Theologian Gerald O'Collins has very recently written a critique of Dale Allison's hypothesis that the visionary experiences of the disciples could be explained away as typical bereavement visions. In his paper, he claims that the similarities between bereavement visions/apparitions and the resurrection appearances are too few to be significant, and are therefore useless in explaining away the resurrection appearances. Misfortunatley, Gerald's essay is unavailable on the web (unless you pay a fee), so I cannot comment on it or it's arguments. If you know of any of his arguments, comment on this post immediatley!

Fortunately, Mike Licona's (Pg's 623-641) and JP Holding's (Pg's 317-318) books on the resurrection briefly mention a few of O'Collin's criticisms of Allisons theory. Misfortunatley, the issues they bring up are quite easy to rebut. For instance, in Holdings book, Jonathan Kendall asserts (Pg 318) that in order for the Apparition theory to be viable, the visions would have had to have stopped immediately after 40 days. This criticism is exceptionally weak when we look at cases in "Resurrecting Jesus"- especially in Allison's own case in which:

"Of the reports I received of apparitions of my late father, half came during the week immediately following his death, and all came during the following months; and nothing has happened since"
So, at least we know that in some cases, people have apparitional experiences within the first week of the persons death. Isn't that enough? As Allison suggests in his essay- The disciples could have easily interpreted early Apparitions as "appearances" and later ones as "visions from heaven". I see no reason why conservative Christians can't at least acknowldge this scenario as a possibility. Also, Licona states in his book that, according to O'Collins, Apparitional experiences would not be a good explaination since they never cause their recepients to start a new Religion (Pg 636). To this criticism I am shocked. Who's saying that visions alone changed the disciples lives? Let us not forget the empty tomb and pre-easter expectations, which I thick would certainly get them exited. I don't think I need more examples to prove my point.

On a final note, in another essay  "Doubt and the resurrection of Jesus" (which can also be found here), the author claims that Gerald isn't the only person who has critically evaluated Allison's Apparition theory.
"There has been a concerted effort recently to show the similarities between postdeath apparition experiences and Jesus' resurrection appearances"
Misfortunatley, the snipit that I aquired had little information on exactly how much interest has gone into this, or how many scholars have actually listened to it. Considering the poor responses from Habermas and Craig, I doubt that these critiques of Allison have garnered much popularity. Still, a part of me wants to know what kind of critiques these are, and how serious they are to Allisons theory. After all, if I am wrong about the Resurrection, I would certainly like to know about it. So, once again, if any of my readers knows anything about this, I would be very grateful.

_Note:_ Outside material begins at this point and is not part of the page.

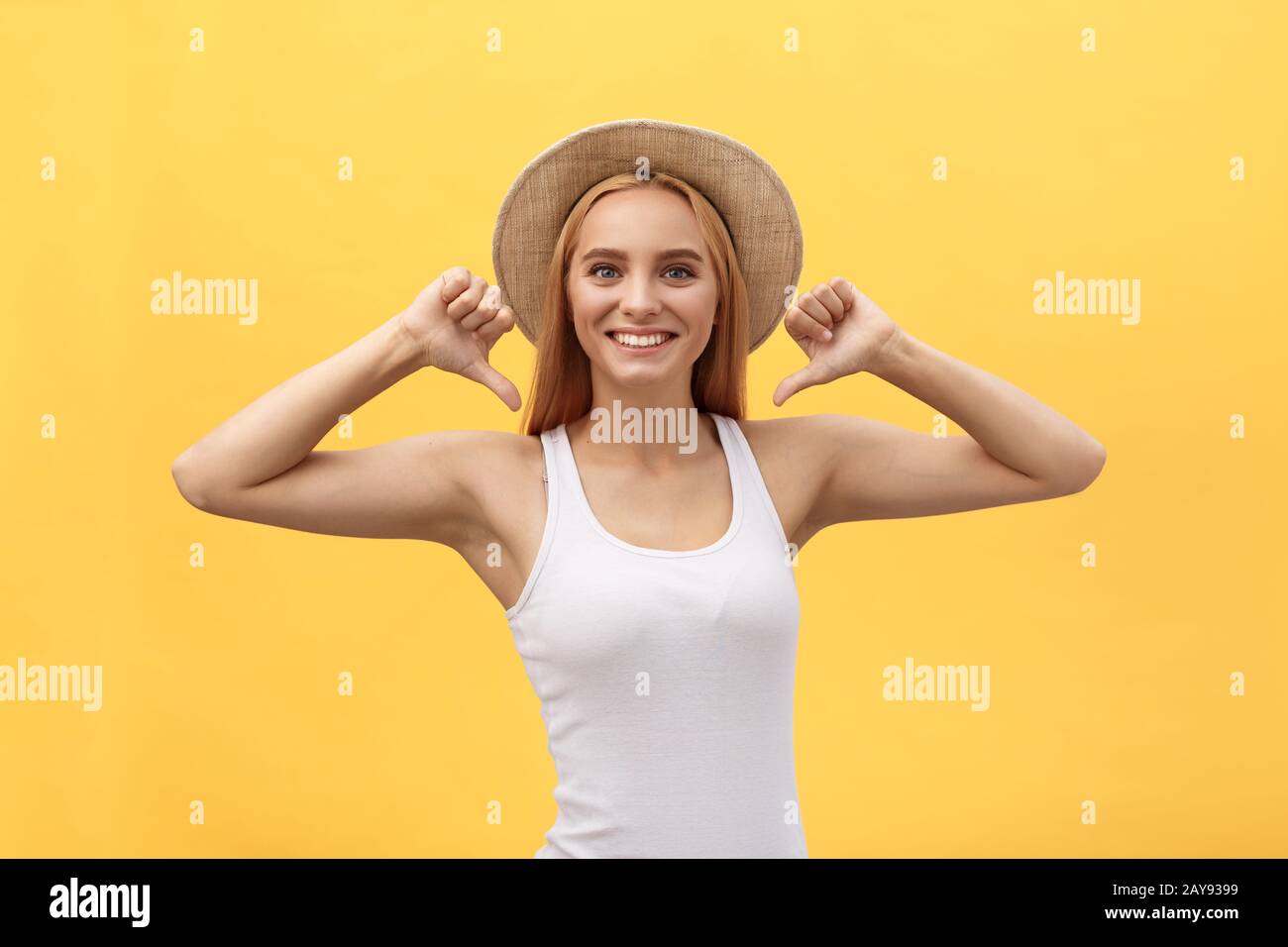 Clothing, design and advertising concept. Indoor shot of positive friendly young female pointing at copy space on her blank whit Stock Photo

  1. I've got access to the full pdf through my university. Would you like me to e-mail you a copy?

  2. I would've loved a copy, but I already asked O'Collins for one, and got it. The only criticism he made that really struck me was the one where he cited that, unlike Allison claims, 60% of bereavement experiences last for several years, and most of them start a few weeks after the event- not a few days.

    I asked O'Collins whether there were any other criticisms of Allisons (and Ludemann's) bereavement theory, and he said that, as far as he was aware, he was the only person to criticise it.